The exhaust passage may be an exhaust nozzle. Preferably, the engine is a non-air breathing engine. More preferably, the engine comprises non-mechanical or nonelectrical means of compression and/or ignition.
According to a second aspect of the invention, there is provided an orbital engine including: a plurality of engine sets each being spaced equidistant from an axis of rotation and being equally spaced relative to one another circumferentially about the axis of rotation, wherein each of the engine sets include: a fixed volume primary chamber for receiving a first propeliant; a catalyst located in the primary chamber for catalytically decomposing the first propeliant into pressurized gas; a fixed volume secondary combustion chamber into which a combusting mixture of the pressurized gas and a second propeliant are expandable, the second propeliant being introducible to the pressurized gas before or in the secondary combustion chamber, wherein the second propeliant is pressurized and heated by the pressurized gas to the point of spontaneous ignition ; and an exhaust passage for exhausting the combusted mixture from the secondary combustion chamber thereby to generate thrust, the exhaust passage being orientated in a direction substantially tangential to a circle concentric with the axis of rotation such that the thrust generated by the engine sets causes the engine sets to rotate about the axis of rotation.
The engine sets may rotate about a fixed shaft on which the engine sets are rotatably supported on bearings.

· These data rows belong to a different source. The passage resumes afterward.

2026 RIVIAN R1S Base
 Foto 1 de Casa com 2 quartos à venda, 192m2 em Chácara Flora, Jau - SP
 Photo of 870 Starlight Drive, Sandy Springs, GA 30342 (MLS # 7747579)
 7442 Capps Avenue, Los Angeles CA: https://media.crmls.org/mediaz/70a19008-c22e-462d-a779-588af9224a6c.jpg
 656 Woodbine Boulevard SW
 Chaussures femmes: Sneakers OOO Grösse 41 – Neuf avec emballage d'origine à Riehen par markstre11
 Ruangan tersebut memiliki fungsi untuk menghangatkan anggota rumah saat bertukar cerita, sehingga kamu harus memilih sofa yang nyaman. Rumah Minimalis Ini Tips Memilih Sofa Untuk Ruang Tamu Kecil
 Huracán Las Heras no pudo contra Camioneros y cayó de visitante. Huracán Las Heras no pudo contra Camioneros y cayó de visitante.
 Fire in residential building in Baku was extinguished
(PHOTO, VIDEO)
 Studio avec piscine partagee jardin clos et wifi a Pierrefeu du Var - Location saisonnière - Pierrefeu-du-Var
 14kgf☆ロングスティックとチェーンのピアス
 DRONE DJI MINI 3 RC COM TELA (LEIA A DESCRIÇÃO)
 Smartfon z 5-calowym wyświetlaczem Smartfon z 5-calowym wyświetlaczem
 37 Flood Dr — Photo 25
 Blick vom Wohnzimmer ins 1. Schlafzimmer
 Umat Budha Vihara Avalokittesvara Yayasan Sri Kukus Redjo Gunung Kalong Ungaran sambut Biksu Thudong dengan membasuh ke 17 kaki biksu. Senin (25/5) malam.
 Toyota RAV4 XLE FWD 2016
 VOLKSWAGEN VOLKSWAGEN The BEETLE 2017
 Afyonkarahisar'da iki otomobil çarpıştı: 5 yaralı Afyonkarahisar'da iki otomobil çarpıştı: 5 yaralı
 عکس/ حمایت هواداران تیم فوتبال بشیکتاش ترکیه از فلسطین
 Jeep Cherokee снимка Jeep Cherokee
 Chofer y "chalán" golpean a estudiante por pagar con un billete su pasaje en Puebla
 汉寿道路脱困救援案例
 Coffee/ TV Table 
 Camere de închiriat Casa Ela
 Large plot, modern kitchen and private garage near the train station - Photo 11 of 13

Alternatively, the engine sets are rigidly connected to a shaft such that the rotary motion of the engine sets is imparted to the shaft. Where the engine sets are rigidly connected to the shaft, the rigid connection is provided by a disc substantially coaxial with the shaft. Typically, the axis of rotation of the orbital engine and a longitudinal axis of the shaft are coaxial.
Generally, each engine set comprises a duct located between the primary chamber and the secondary combustion chamber into which the second propellant is introducible into the respective engine set. The duct may be throttled. Preferably, the second propellant is introducible into the duct by way of an injector.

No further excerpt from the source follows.